Icônes montrant des doutes et des solutions pour la publicité digitale, démystification avec des crochets verts de validation

Vous avez entendu ça. « La publicité digitale, c’est compliqué. » « On a besoin d’une grosse agence. » « C’est trop cher pour nous. » « Les algorithmes sont trop bêtes pour cibler nos clients. »

Et donc vous ne lancez pas. Vous attendez. Vous lisez une article sur Facebook, vous vous dites « OK, peut-être qu’on essaye. » Puis vous trouvez un obstacle, et c’est non.

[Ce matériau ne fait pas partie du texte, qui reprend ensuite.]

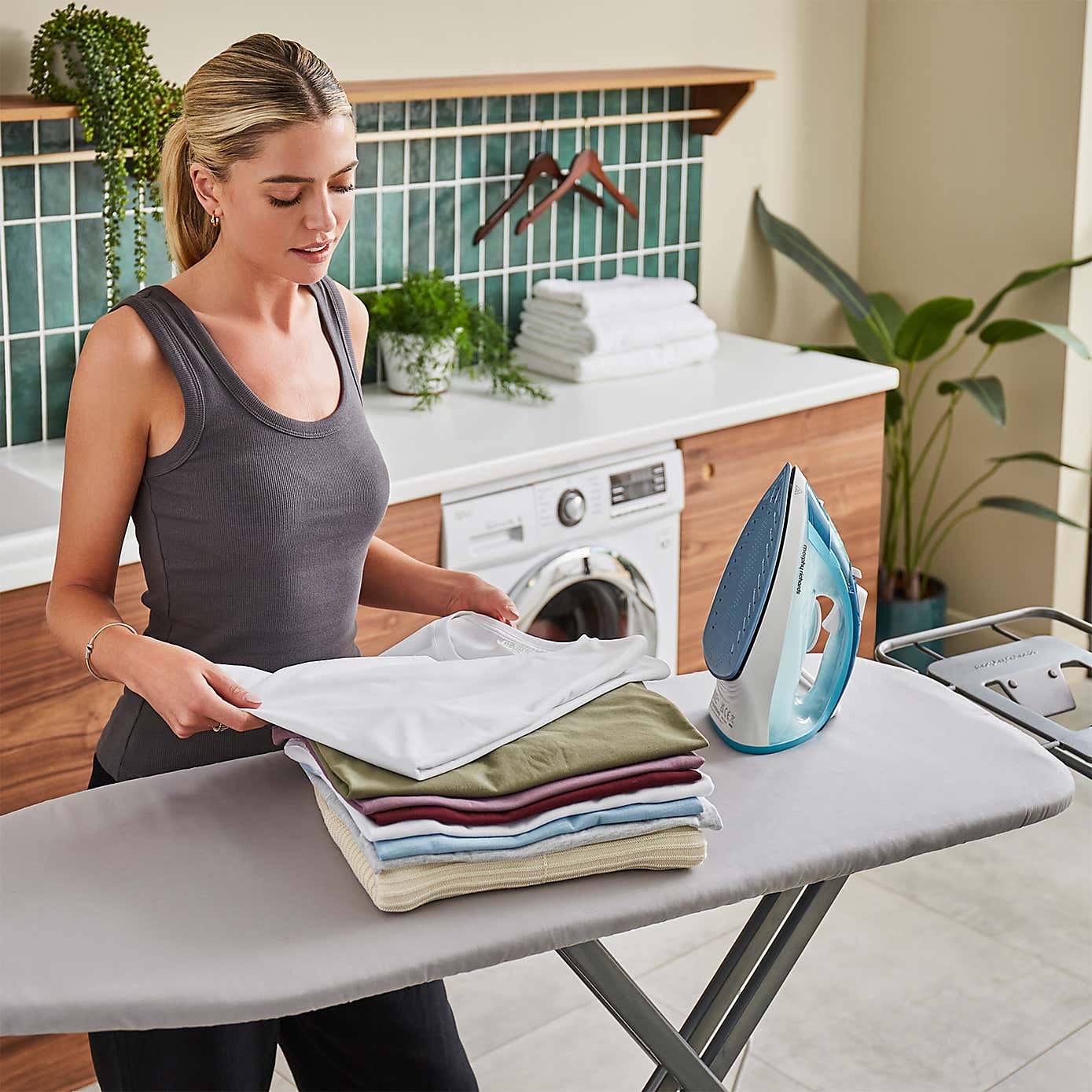 Carousel zoom image position 3 of 8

Ces obstacles ne sont pas réels. Ce sont des mythes. Et ils vous coûtent des clients.

Chez Propuls’Lead, on a entendu ces peurs mille fois. « C’est un piège. » « Je connais quelqu’un qui a perdu 1000 euros. » « C’est pour les grandes marques. » Puis on lance une campagne simple, et en 30 jours, 10 nouveaux clients.

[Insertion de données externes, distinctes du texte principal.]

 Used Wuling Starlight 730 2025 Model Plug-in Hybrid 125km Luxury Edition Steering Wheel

Ce guide débunke les 7 mythes les plus courants qui empêchent les PME de décider. Une fois que vous les voyez pour ce qu’ils sont (des mensonges), vous allez lancer.

Mythe 1 : « La publicité digitale, c’est compliqué »

Faux. C’est simple. Vraiment.

Vous allez sur Google Ads. Vous cliquez « Nouvelle campagne ». On vous demande trois choses : quel mot-clé (ce que votre client cherche), quel budget (combien vous dépensez par jour), quel site (où vous les envoyez).

Vous remplissez ça en 15 minutes. C’est fait.

Est-ce qu’il y a de la complexité si vous voulez aller au-delà ? Oui. Mais pour lancer votre première campagne, zéro complexité.

Chez Propuls’Lead, on aide souvent des clients qui pensaient que c’était l’Everest. Après une première conversation, ils se rendent compte que c’est juste une colline.

La vraie complexité, c’est l’optimisation après. Comment faire passer le coût au clic de 2 euros à 1,50 euros. Ou comment augmenter de 20% le taux de conversion. Ça, oui, ça demande de la réflexion. Mais vous pouvez lancer sans ça.

Mythe 2 : « On doit avoir un gros budget »

Vous pensez que la publicité digitale demande 5000 euros minimum. Faux.

Vous pouvez dépenser 10 euros par jour. 10 euros. C’est 300 euros par mois.

À 10 euros par jour, sur Google Search, vous recevrez peut-être 5 clics par jour (2 euros par clic). Sur ces 5 clics, un devient client. C’est 1 client par jour, 30 clients par mois avec 300 euros.

Si chaque client vaut 100 euros de bénéfice, vous gagnez 3000 euros de profit. Vous avez dépensé 300.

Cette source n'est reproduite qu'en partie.